_WHAT IS REQUIRED_
Every word in the data below belongs in your copy, exactly as given; the pictures do not.

_PROVIDED MATERIAL_

- Opening Delimiter -

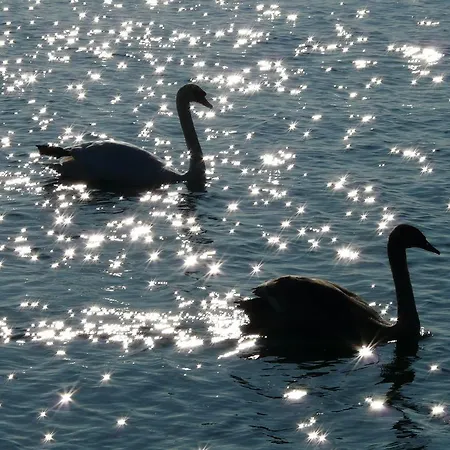 Haus Zur Gerberei 100 M Zum Bodensee *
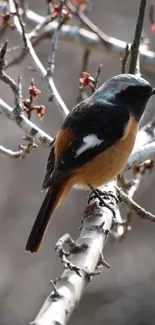 Colorful bird perched on a tree branch, surrounded by nature.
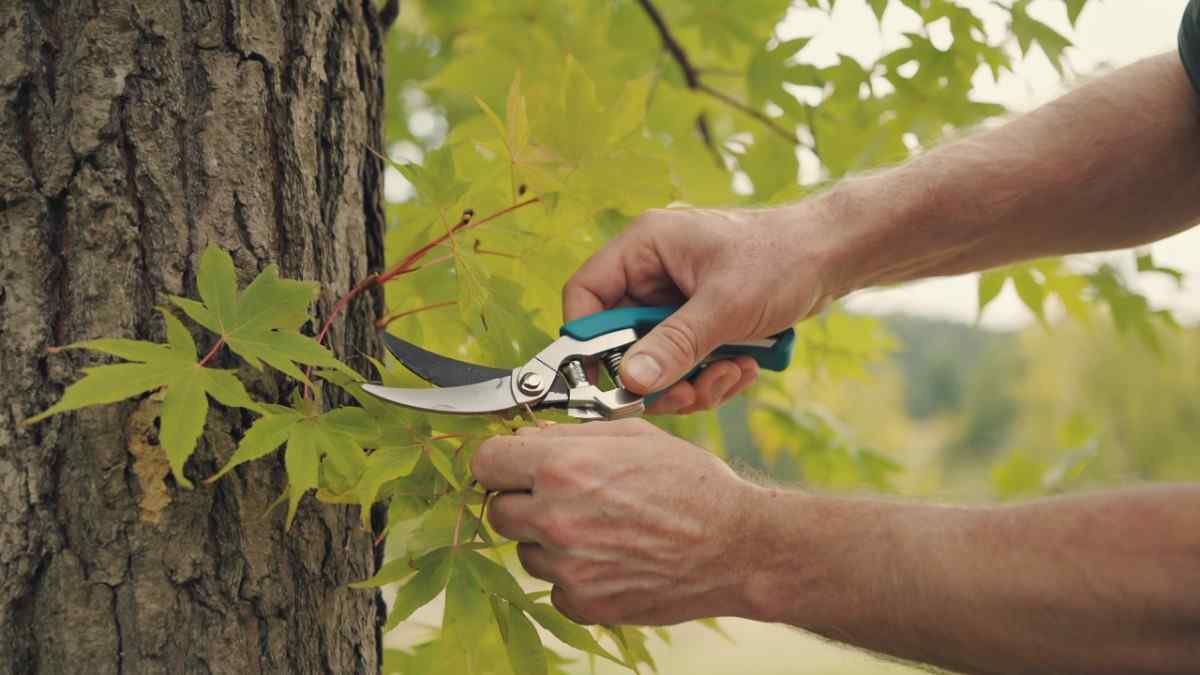Minimal maintenance pruning of a healthy celebration maple tree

- Closing Delimiter -

_RESPONSE TO THE TASK_
 Haus Zur Gerberei 100 M Zum Bodensee *
 Colorful bird perched on a tree branch, surrounded by nature.
Minimal maintenance pruning of a healthy celebration maple tree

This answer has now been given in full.